INFORMATION →
::::::

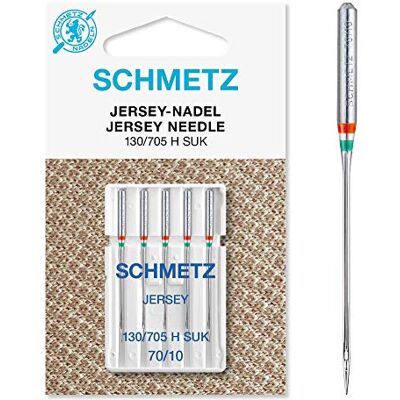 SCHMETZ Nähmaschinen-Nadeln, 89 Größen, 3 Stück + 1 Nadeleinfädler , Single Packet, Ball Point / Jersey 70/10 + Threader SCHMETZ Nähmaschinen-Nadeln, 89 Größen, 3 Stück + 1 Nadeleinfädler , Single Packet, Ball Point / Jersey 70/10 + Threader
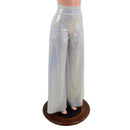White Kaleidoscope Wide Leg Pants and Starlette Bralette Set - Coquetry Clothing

::::::

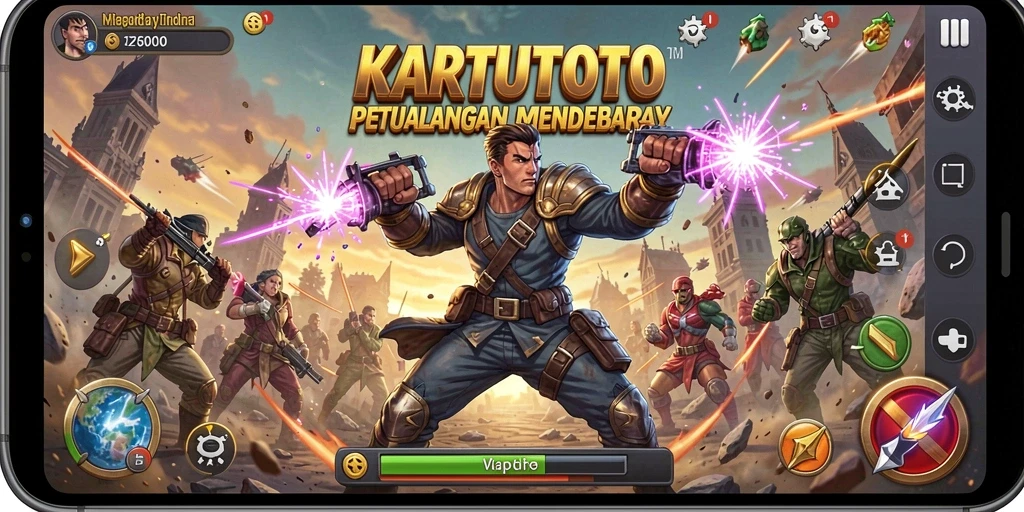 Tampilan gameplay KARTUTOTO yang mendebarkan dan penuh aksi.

::::::

YOUR TASK → Although pictures appear among the entries, please set down only the lines from the one with "70/10 + Threader SCHMETZ" up to and including the one with "White Kaleidoscope Wide", word for word.

TASK OUTPUT →
 SCHMETZ Nähmaschinen-Nadeln, 89 Größen, 3 Stück + 1 Nadeleinfädler , Single Packet, Ball Point / Jersey 70/10 + Threader SCHMETZ Nähmaschinen-Nadeln, 89 Größen, 3 Stück + 1 Nadeleinfädler , Single Packet, Ball Point / Jersey 70/10 + Threader
White Kaleidoscope Wide Leg Pants and Starlette Bralette Set - Coquetry Clothing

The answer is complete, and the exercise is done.